> Work task: Quote the listing below in its entirety, omitting every image.

> Recorded information:
+ + + + +

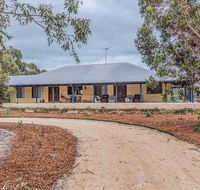 Kangaroo Lake Homestead - Accommodation Main Beach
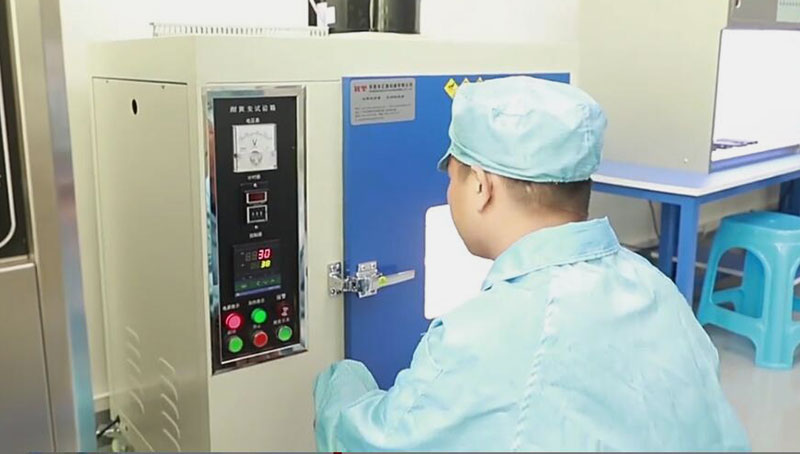硅膠制品噴有手感油有什么作用？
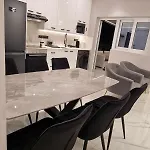 3 Modern Close To The Beach! דירה *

+ + + + +

> Response:
 Kangaroo Lake Homestead - Accommodation Main Beach
硅膠制品噴有手感油有什么作用？
 3 Modern Close To The Beach! דירה *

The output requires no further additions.